Tena koutou katoa
The planting for this year is just about complete with some 500 plants having been put in.. This is a record amount so a very big thanks to all who helped in one way and another. The bulk of the plants came from the City Council together with a good number from Nick and Jase and our own nursery. Thanks to Crystal and Simon for allowing us to store the plants at their place. Last Saturday saw a good number turn out to plant and improve the area around the ANZ seat. This will I hope be a pleasant picnic spot for those using the track.

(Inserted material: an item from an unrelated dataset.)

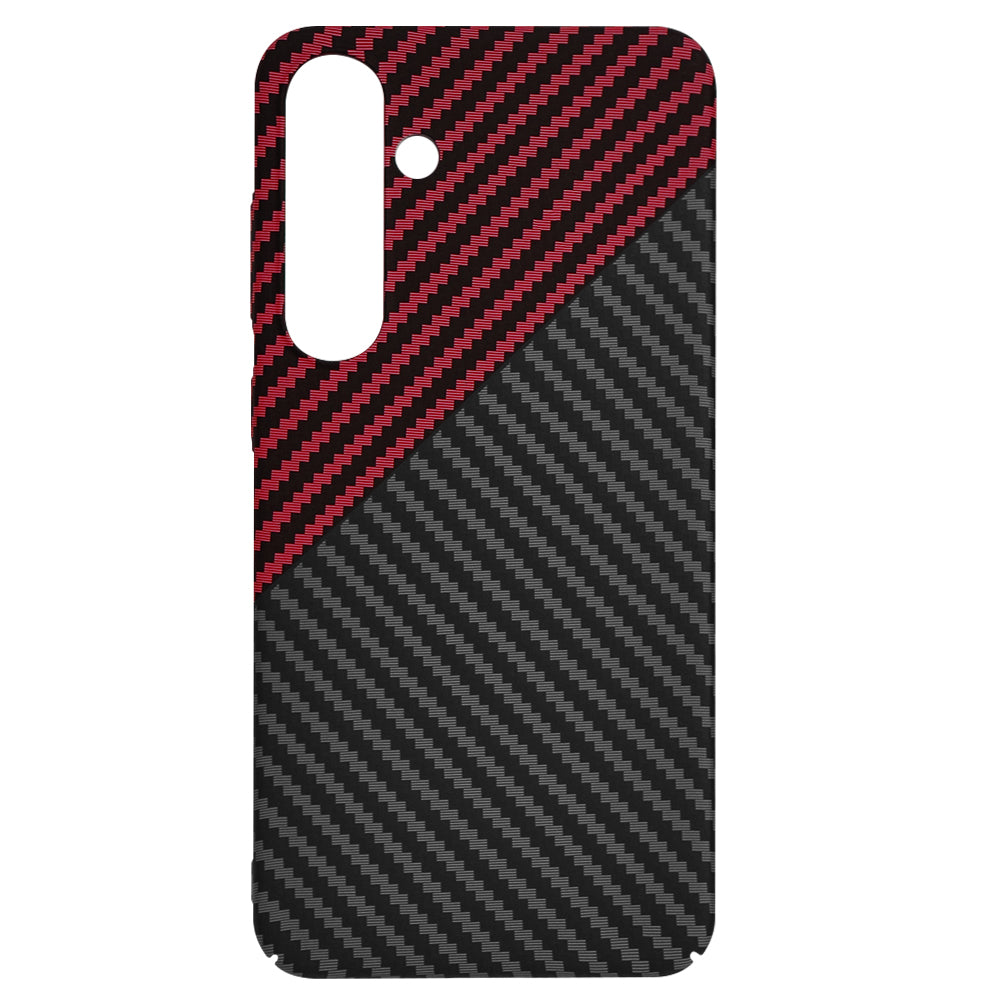 Husa pentru Samsung Galaxy S24+ S926, Techsuit, Carbonite FiberShell, Neagra Rosie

The next working bee will be Sunday 3rd August but I will not be there as I will be sunning myself with my partner John on the Queensland coast. If anyone has the time it would be good to weed up the edges of the track around our new planting at the top.. Now we are working in a more exposed area it will pay over the summer months to keep an eye on the new plants and, if they are rocking in the wind, place some stones at the base.. Also it may be necessary to clip some of the foliage so they have a good chance to establish themselves. September will be a time to hand weed around plants and there is still some mulch by the first seat to use although this is getting low. I hope to organise two truckloads of mulch in late September or early October and have it shifted up the hill again by some PD workers. The group meeting 11am Tuesday mornings by the Awarua St railway station is making a big difference to the area.

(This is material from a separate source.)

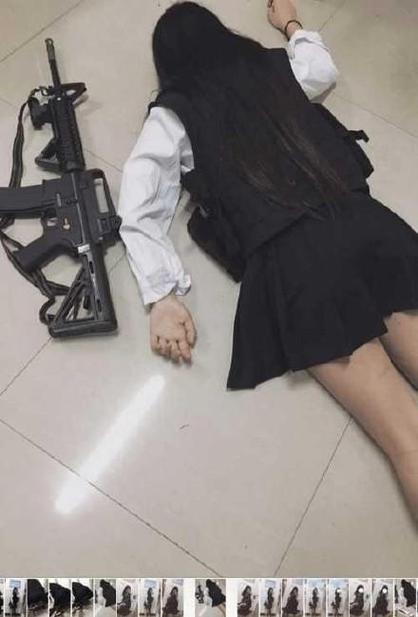 绝地求生cos女生死尸图标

The flora this month is again a plant that we have put in this year….Pennantia Corymbosa or kaikomako. The fauna is the Karearea ( NZ falcon). Although this was covered in the Novemebr 2012 Update I thought it could be good to mention again as one has been sighted in the street above our home. Also the Dompost published a wonderful photo of one in full flight above an item about how they are being used around vineyards to discourage the pesky exotic birds.
He konei ra
Kaikomako ( Pennantia corymbosa)
The name kaikomako does translate to bell bird food; the kai being food and komako being an abbreviation of korimako. It has also been called the ducks foot plant as in its juvenile stage the leaves are in the form of a ducks foot. The juvenile stage has densely interlaced twigs and the small leaves make it readily recognisable. The adult branches are stouter and not interlaced and the alternate adult leaves are 2-5cms long by 2-4cms wide with large rounded teeth. The flowers are small white and wind pollinated. The berries are black 8-9mm long. Flowering is from late spring through summer with berries from mid-summer through autumn. We look forward to these making a distinct mark up the track.
Karearea ( NZ Falcon)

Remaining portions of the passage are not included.